流れの侠客、顔無き通訳。しかして正体、情報そのもの-1
【ほう? 良く学んでいるようじゃな。八徳】
【るせぇわ】
楽しげな声に対し、八徳はため息をついてバッサリと切り捨てた。
「あの、通訳殿、どうして突然、三甲堂についての言及を」
「呉服屋様、これはあくまでヴァルピリーナ殿のご質問と捉えられよ」
エゲレス語でのやり取りに置いて行かれるのに不安を感じ、八徳に声をかけたのは、今日のヴァルピリーナとの商談相手。横浜の呉服屋の旦那だった。
ヴァルピリーナら異国の者は、外国人居留地内で日本の商人と商談した。
日本人が外国人居留地で異国人と働いているというのが、情勢的に、同じ日本人に知られるのがまずいから、通訳の時は、こうして八徳は目出し穴の開いた頭巾を被っていた。
上から見たなら六角型の部屋。壁は赤く塗られ、赤い絨毯が敷かれ。
その中央に設置されているのは、鏡面となるほど磨かれた木材を組んだ豪勢な造りの机。
宙を薄く漂う、ヴァルピリ-ナが吐き出した煙草の煙以上に、部屋内では百花満開を思わせる甘い香の匂いが充満していた。

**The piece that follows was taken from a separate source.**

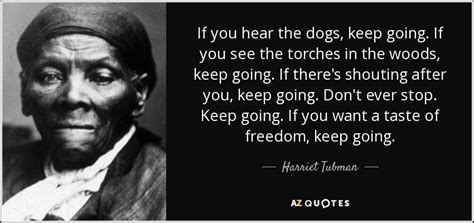Https://tommynaija.com/quote/harriet Tubman Keep Going Quote
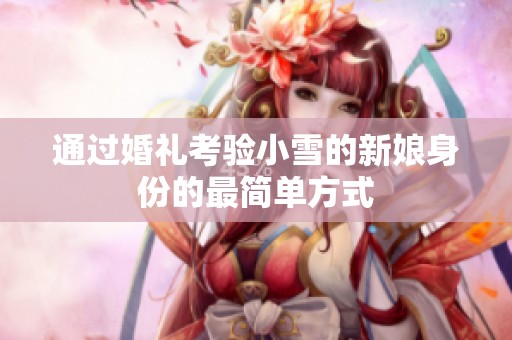 通过婚礼考验小雪的新娘身份的最简单方式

呉服屋の旦那も、従者を連れてきているから孤軍奮闘にはなるまいが、見慣れぬ環境に身を置いた状況。
余裕たっぷりに笑みを見せ、足を組み、椅子の背もたれに身体を預けながら硝子杯に入った血のように赤い葡萄酒を眺めるヴァルピリーナの雰囲気も相まり、そのおどろおどろしさに恐縮していたようだった。
少女には違いないはず。だが日本の年頃の娘など比にならない風格と、意外過ぎる問いは、明らかに呉服屋を狼狽させた。
また、日本人であることはわかるが、頭巾を被っている通訳のことも、呉服屋には不気味だった。
「面白い話を聞きました。最近、ご同業は《三甲堂》の若旦那が殺されたそうですね。確か《港崎心中》でしたか? 花魁に熱をあげた新婚の若旦那へ、嫉妬にかられた女房が斬りかかった事件に対してそう銘打たれた」
先日居酒屋で耳にした《港崎心中》については、ヴァルピリーナも知っていた。あの後、八徳が報告しただけではなく、その後の瓦版も読み聞かせていたからだ。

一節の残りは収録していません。